> **WHAT YOU ARE ASKED TO DO**:
Leaving out only the pictures, write out all the entries exactly.

> **RECORD EXCERPTS**:
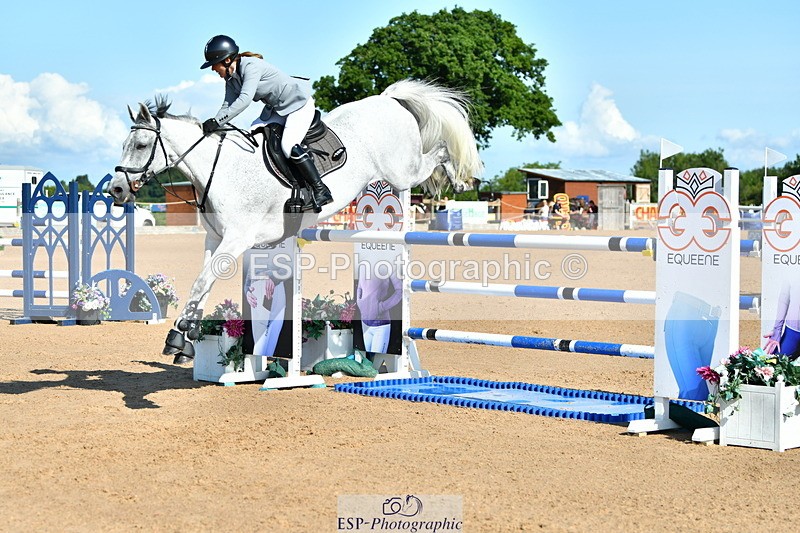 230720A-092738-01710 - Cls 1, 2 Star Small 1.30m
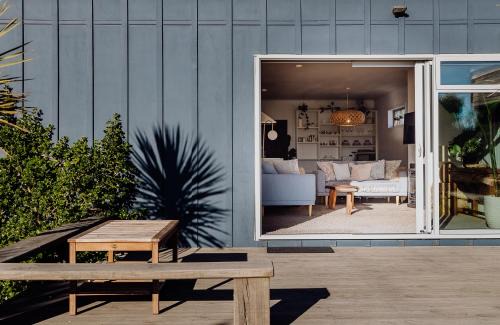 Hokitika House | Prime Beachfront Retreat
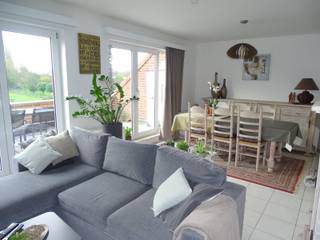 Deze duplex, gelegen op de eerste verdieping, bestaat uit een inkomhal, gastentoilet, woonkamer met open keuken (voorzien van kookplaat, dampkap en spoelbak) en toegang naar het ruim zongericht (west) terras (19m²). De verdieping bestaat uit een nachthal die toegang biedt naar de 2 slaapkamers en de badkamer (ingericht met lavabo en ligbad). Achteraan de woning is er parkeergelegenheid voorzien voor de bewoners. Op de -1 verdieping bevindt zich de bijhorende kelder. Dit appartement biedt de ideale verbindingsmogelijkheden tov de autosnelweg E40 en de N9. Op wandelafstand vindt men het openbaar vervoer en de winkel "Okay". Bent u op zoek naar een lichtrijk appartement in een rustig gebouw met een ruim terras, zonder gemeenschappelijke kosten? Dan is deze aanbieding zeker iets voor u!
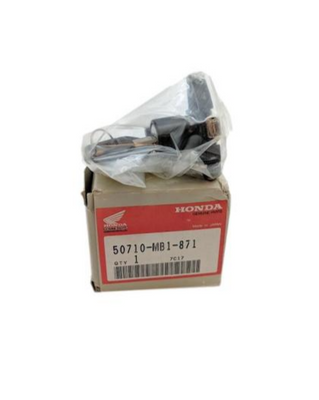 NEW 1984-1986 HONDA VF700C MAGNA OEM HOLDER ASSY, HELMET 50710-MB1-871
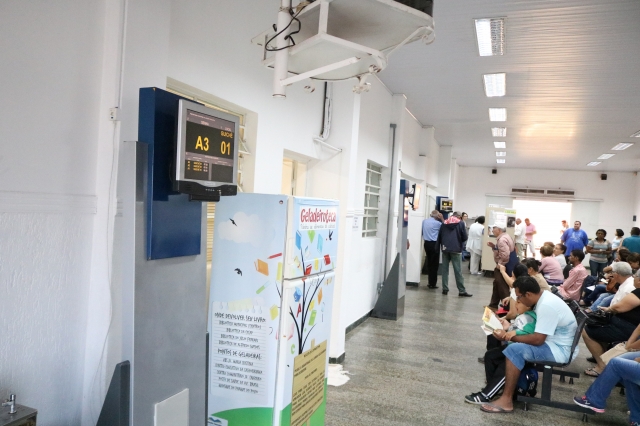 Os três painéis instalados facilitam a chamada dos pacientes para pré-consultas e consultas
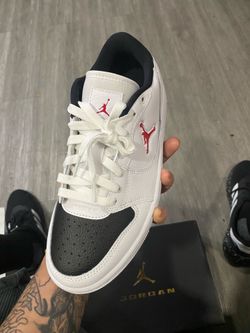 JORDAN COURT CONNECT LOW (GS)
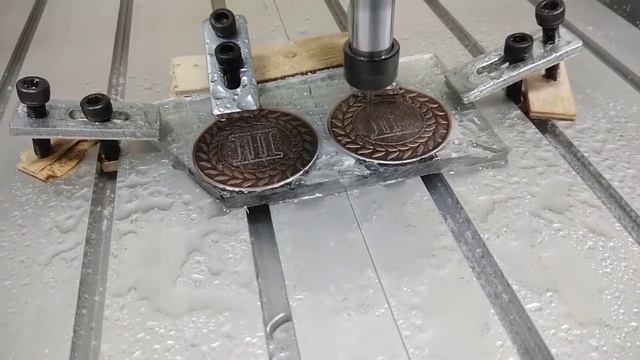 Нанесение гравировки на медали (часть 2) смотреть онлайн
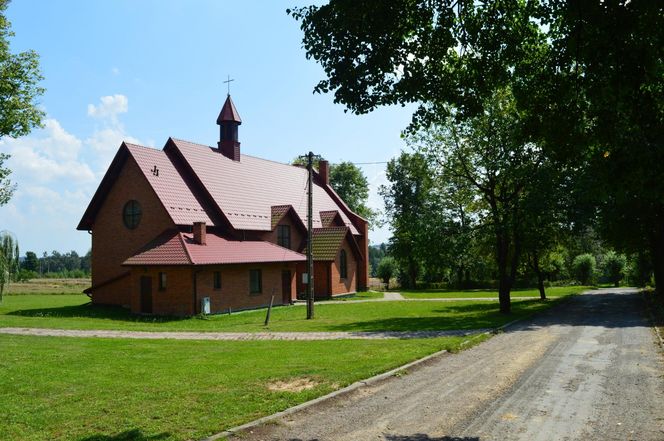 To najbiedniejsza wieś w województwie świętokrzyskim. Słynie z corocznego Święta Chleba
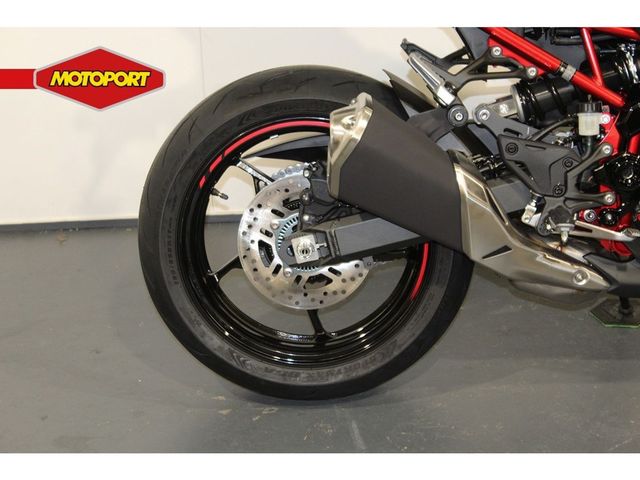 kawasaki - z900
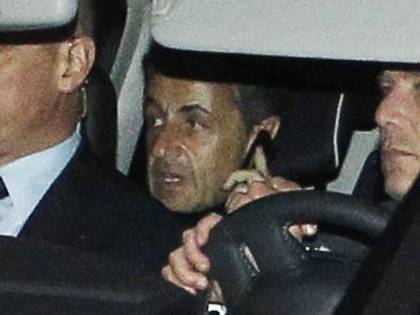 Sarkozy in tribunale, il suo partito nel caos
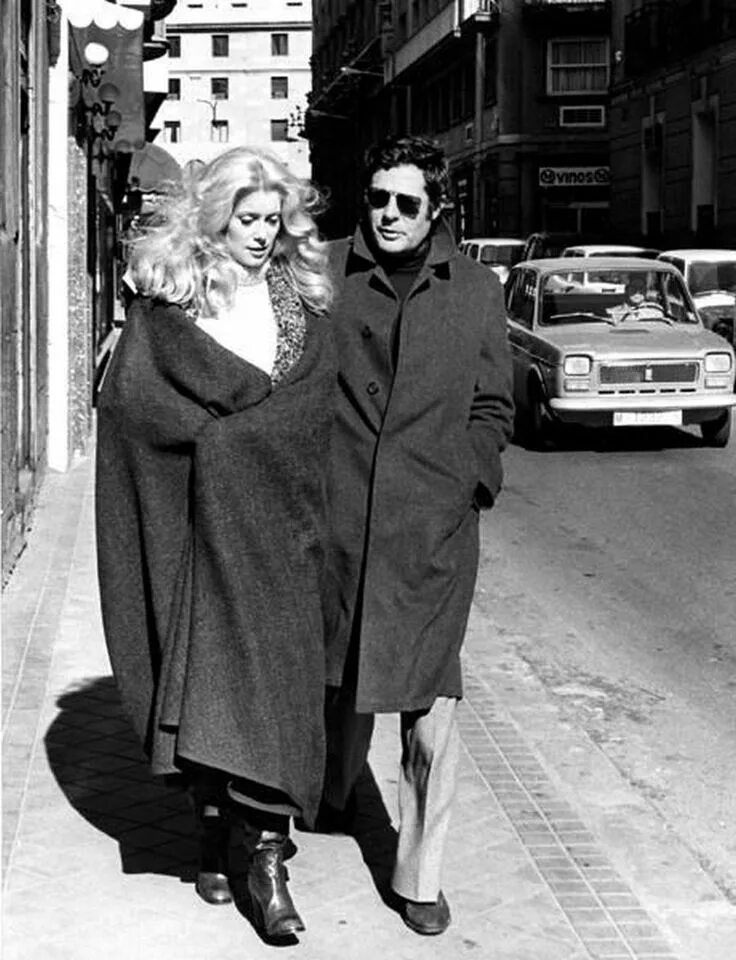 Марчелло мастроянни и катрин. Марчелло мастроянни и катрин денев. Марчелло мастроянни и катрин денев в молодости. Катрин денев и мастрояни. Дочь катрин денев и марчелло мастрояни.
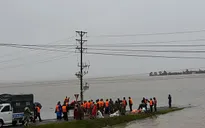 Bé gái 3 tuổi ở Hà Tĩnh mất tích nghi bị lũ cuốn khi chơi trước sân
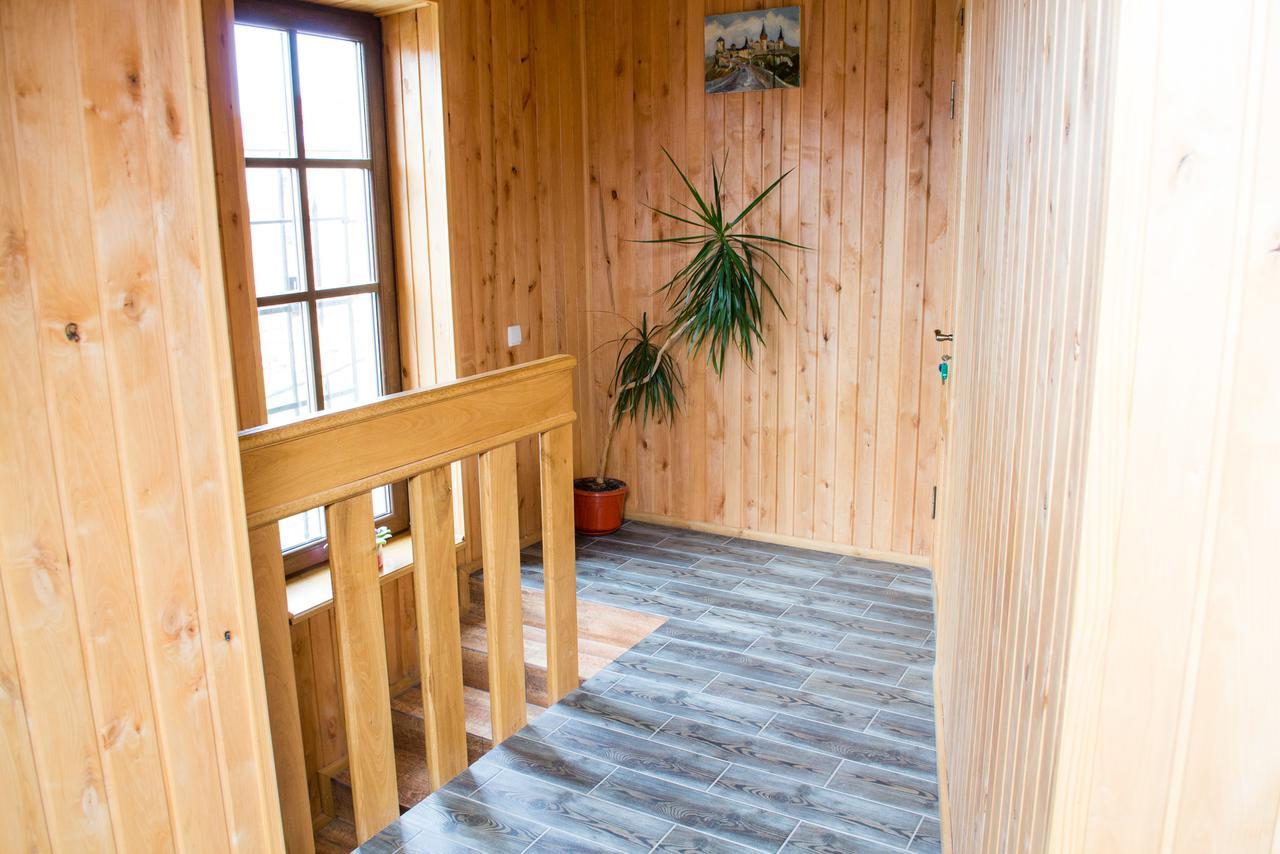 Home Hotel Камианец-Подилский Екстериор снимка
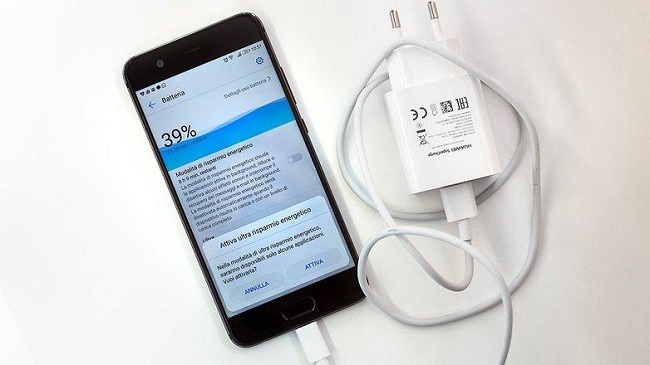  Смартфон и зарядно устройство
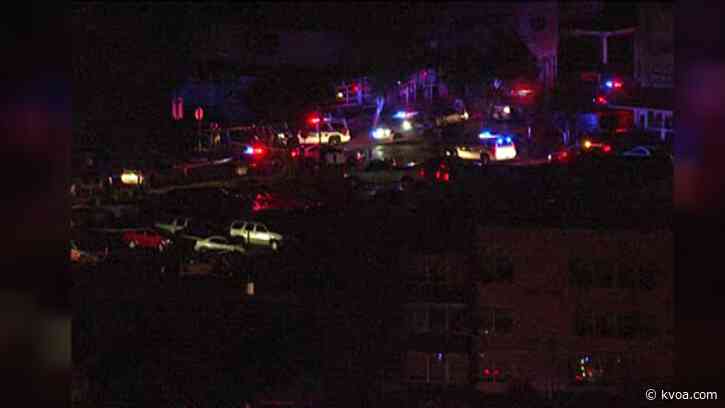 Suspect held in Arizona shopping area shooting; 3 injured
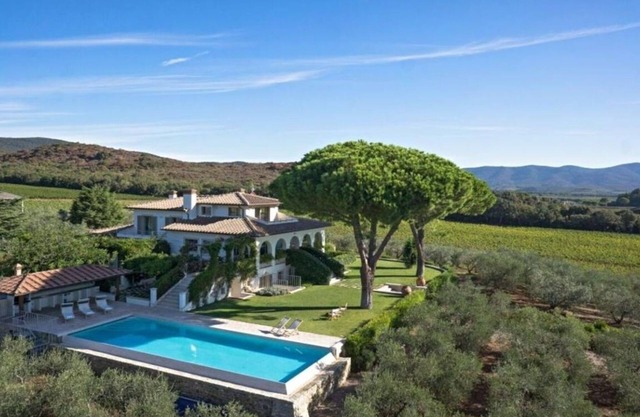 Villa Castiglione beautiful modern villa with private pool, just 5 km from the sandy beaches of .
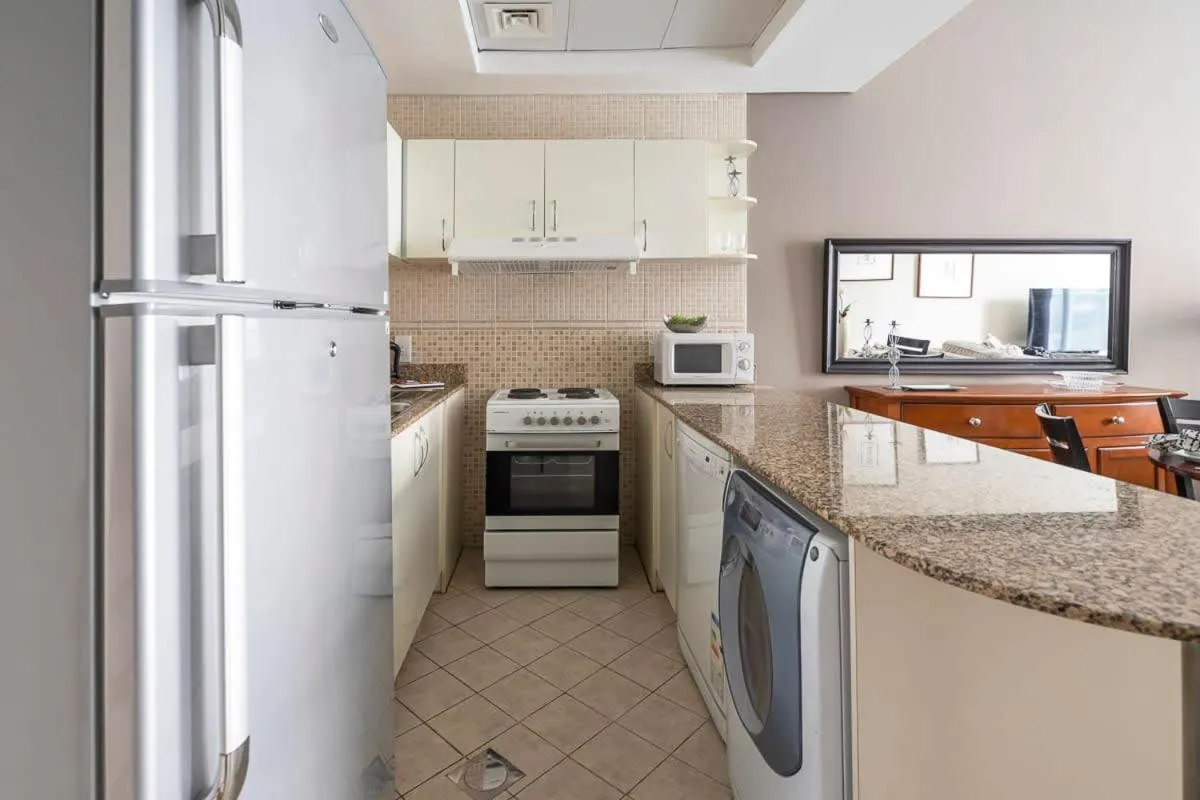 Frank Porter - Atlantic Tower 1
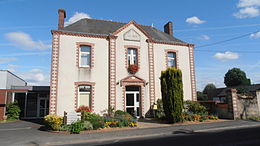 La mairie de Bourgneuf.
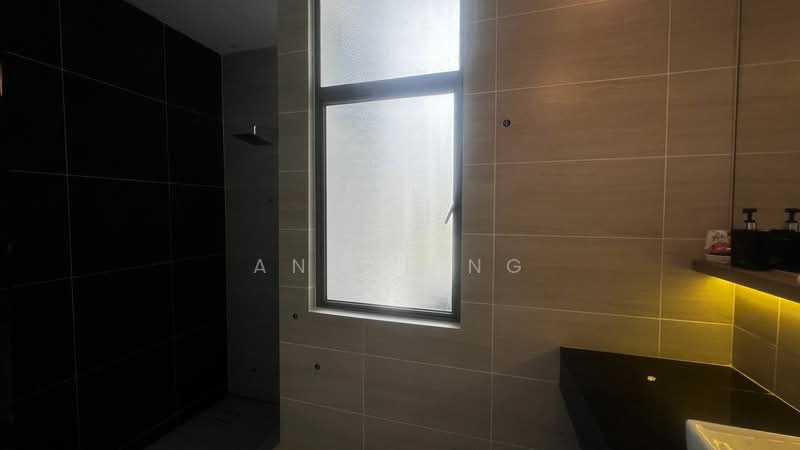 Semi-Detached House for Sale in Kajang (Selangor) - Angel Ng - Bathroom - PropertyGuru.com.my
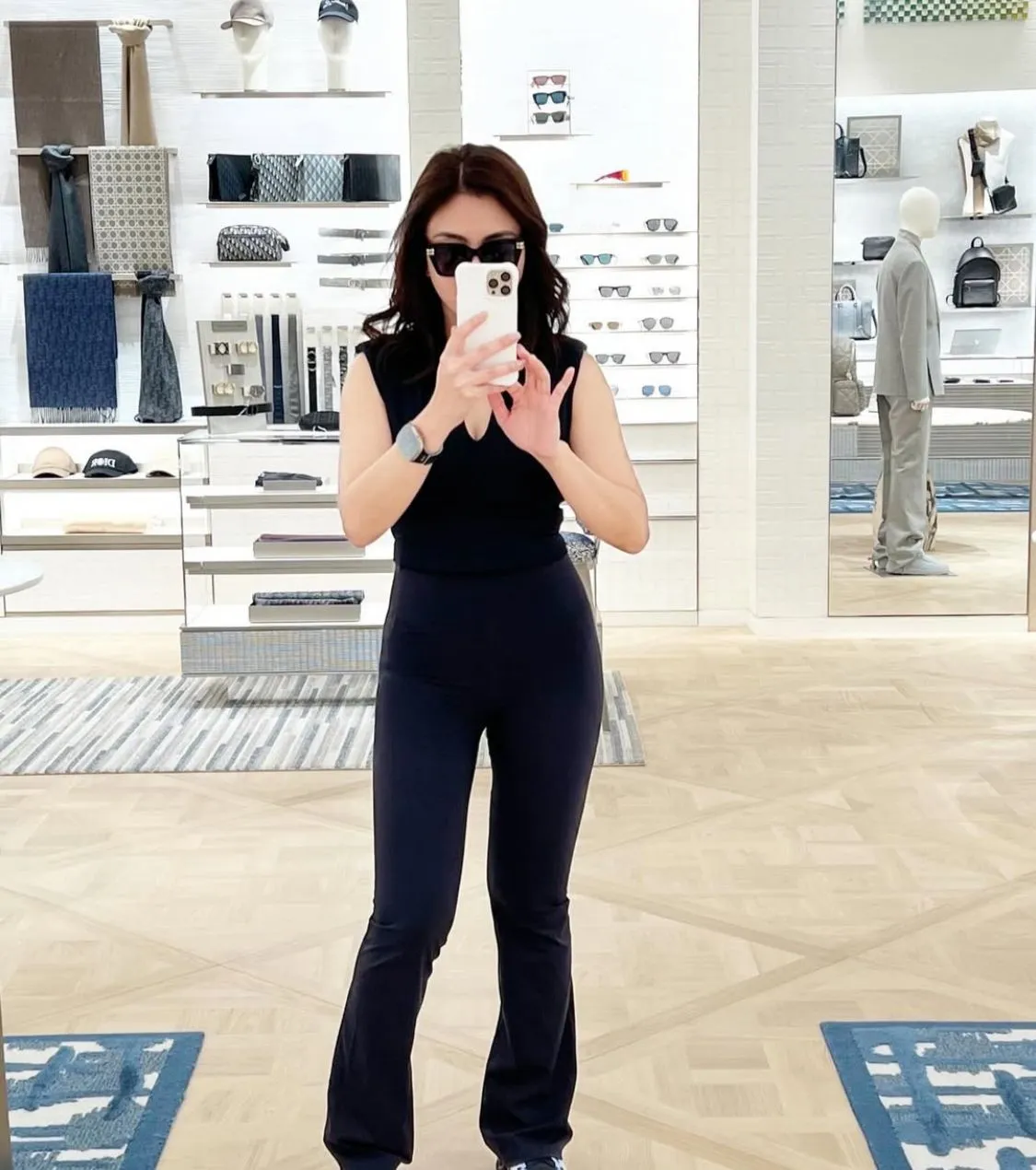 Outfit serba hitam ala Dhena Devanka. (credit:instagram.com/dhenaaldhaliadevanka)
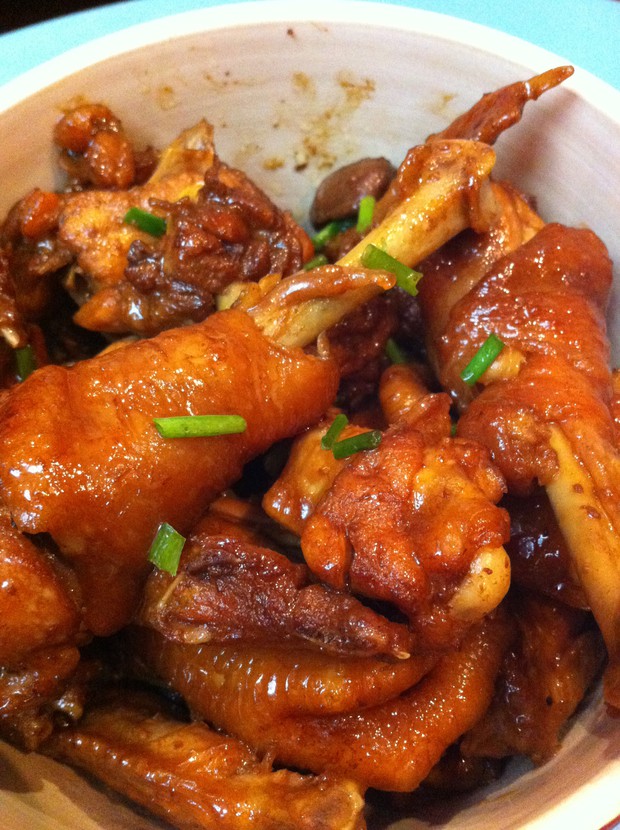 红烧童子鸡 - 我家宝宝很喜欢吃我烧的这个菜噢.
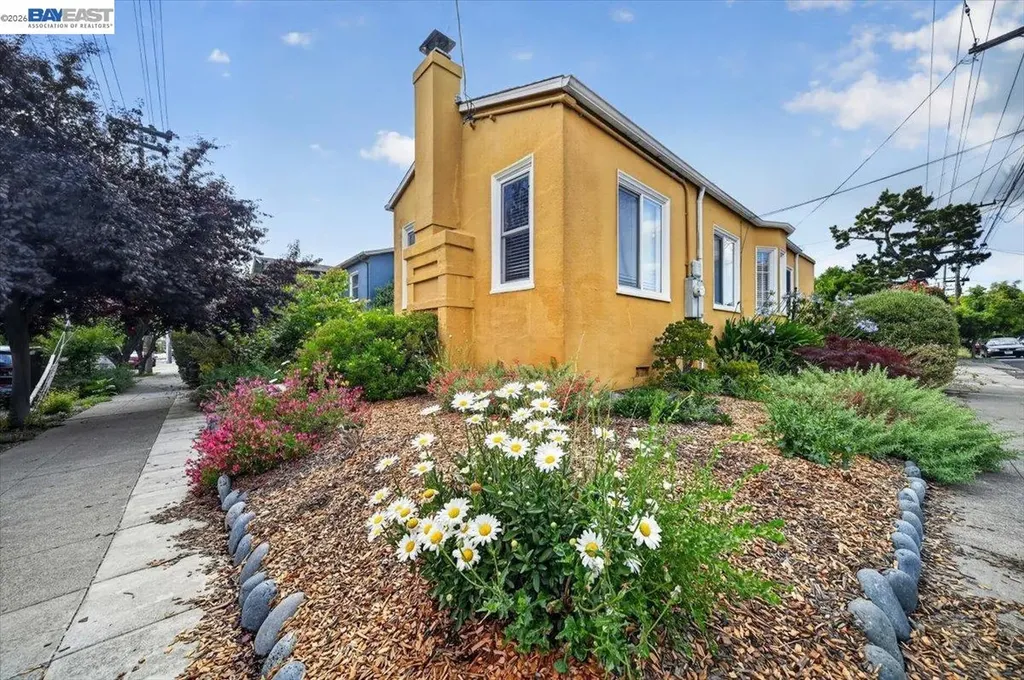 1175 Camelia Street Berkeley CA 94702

> **YOUR SOLUTION**:
 230720A-092738-01710 - Cls 1, 2 Star Small 1.30m
 Hokitika House | Prime Beachfront Retreat
 Deze duplex, gelegen op de eerste verdieping, bestaat uit een inkomhal, gastentoilet, woonkamer met open keuken (voorzien van kookplaat, dampkap en spoelbak) en toegang naar het ruim zongericht (west) terras (19m²). De verdieping bestaat uit een nachthal die toegang biedt naar de 2 slaapkamers en de badkamer (ingericht met lavabo en ligbad). Achteraan de woning is er parkeergelegenheid voorzien voor de bewoners. Op de -1 verdieping bevindt zich de bijhorende kelder. Dit appartement biedt de ideale verbindingsmogelijkheden tov de autosnelweg E40 en de N9. Op wandelafstand vindt men het openbaar vervoer en de winkel "Okay". Bent u op zoek naar een lichtrijk appartement in een rustig gebouw met een ruim terras, zonder gemeenschappelijke kosten? Dan is deze aanbieding zeker iets voor u!
 NEW 1984-1986 HONDA VF700C MAGNA OEM HOLDER ASSY, HELMET 50710-MB1-871
 Os três painéis instalados facilitam a chamada dos pacientes para pré-consultas e consultas
 JORDAN COURT CONNECT LOW (GS)
 Нанесение гравировки на медали (часть 2) смотреть онлайн
 To najbiedniejsza wieś w województwie świętokrzyskim. Słynie z corocznego Święta Chleba
 kawasaki - z900
 Sarkozy in tribunale, il suo partito nel caos
 Марчелло мастроянни и катрин. Марчелло мастроянни и катрин денев. Марчелло мастроянни и катрин денев в молодости. Катрин денев и мастрояни. Дочь катрин денев и марчелло мастрояни.
 Bé gái 3 tuổi ở Hà Tĩnh mất tích nghi bị lũ cuốn khi chơi trước sân
 Home Hotel Камианец-Подилский Екстериор снимка
  Смартфон и зарядно устройство
 Suspect held in Arizona shopping area shooting; 3 injured
 Villa Castiglione beautiful modern villa with private pool, just 5 km from the sandy beaches of .
 Frank Porter - Atlantic Tower 1
 La mairie de Bourgneuf.
 Semi-Detached House for Sale in Kajang (Selangor) - Angel Ng - Bathroom - PropertyGuru.com.my
 Outfit serba hitam ala Dhena Devanka. (credit:instagram.com/dhenaaldhaliadevanka)
 红烧童子鸡 - 我家宝宝很喜欢吃我烧的这个菜噢.
 1175 Camelia Street Berkeley CA 94702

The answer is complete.